Beyond that, the HLMG says (and provides documentation for) this:
It is further our view that in the overall conduct of
its campaign, the IDF not only met its obligations
under the Law of Armed Conflict, but often
exceeded them, both on the battlefield and in
the humanitarian relief efforts that accompanied
its operation. In many cases where the fighting
was concerned, this came at significant tactical
cost to the IDF. It fought under restrictive Rules
of Engagement and it is obvious that instances
existed throughout the conflict where the IDF did
not attack lawful military objectives on account
of a deliberate policy of restraint. The IDF
also used a number of highly innovative tactics
over and above the necessities of the precautions
required by the Law of Armed Conflict. It further
used its formidable intelligence capability in an
effort to contain its action as closely as possible to
Hamas’s assets and protect the civilian population
amid which these were purposely and unlawfully
embedded. Intelligence is not infallible however,
nor is it possible to preclude completely preclude
civilian casualties through precautions enacted in
compliance with the Law of Armed Conflict.
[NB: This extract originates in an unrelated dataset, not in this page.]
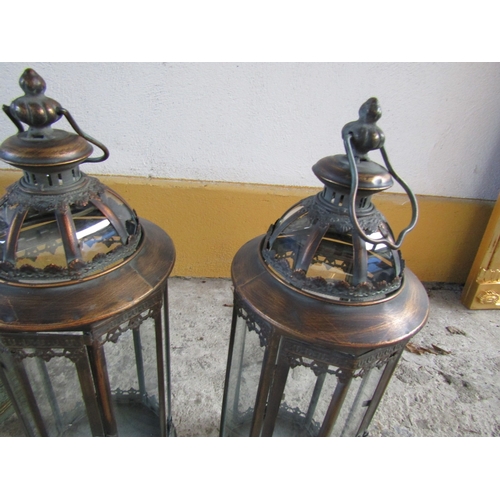 1708 - Pair of Metal Glass Inset Lanterns Each Approximately 23 Inches High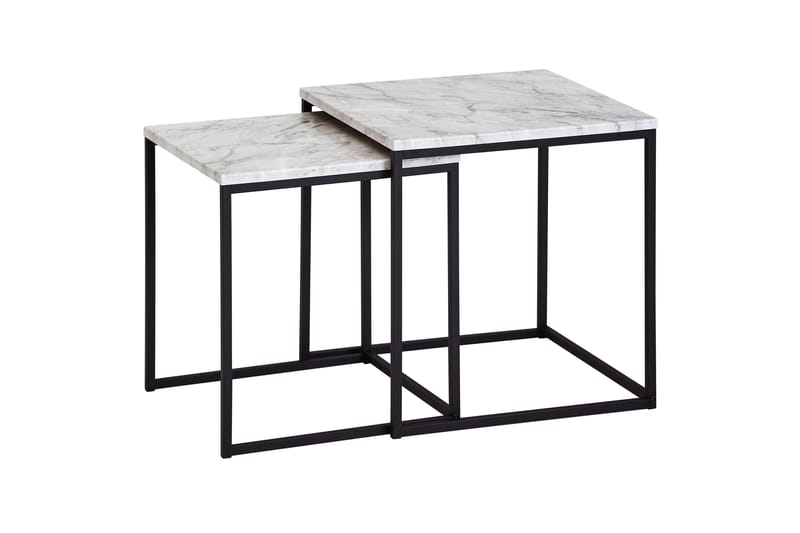 Settbord Gereline 40 cm Marmormønster 2 Bord - Hvit/Svart - Settbord - Sofabord & salongbord - Marmorbord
Critics will point out that this study was facilitated by the Friends of Israel Initiative and the director of that group – Rafael L. Bardají – is also one of the members of the HLMG, with the qualifications of being a former National Security Adviser in Spain and many other impressive achievements. But the other members of the group cannot be said to be biased; all have formidable experience in the military and in national defense for their respective countries. The report itself is detailed and does not have a whiff of bias in its presentation. But since Israel’s critics have little to stand on, they will dismiss this because it is sponsored by a Zionist group, while pretending that Amnesty and HRW aren’t biased.
I am unaware of anyone with significant military leadership experience who has criticized Israel’s conduct in Gaza. (And, no, I don’t include John Kerry in that category.)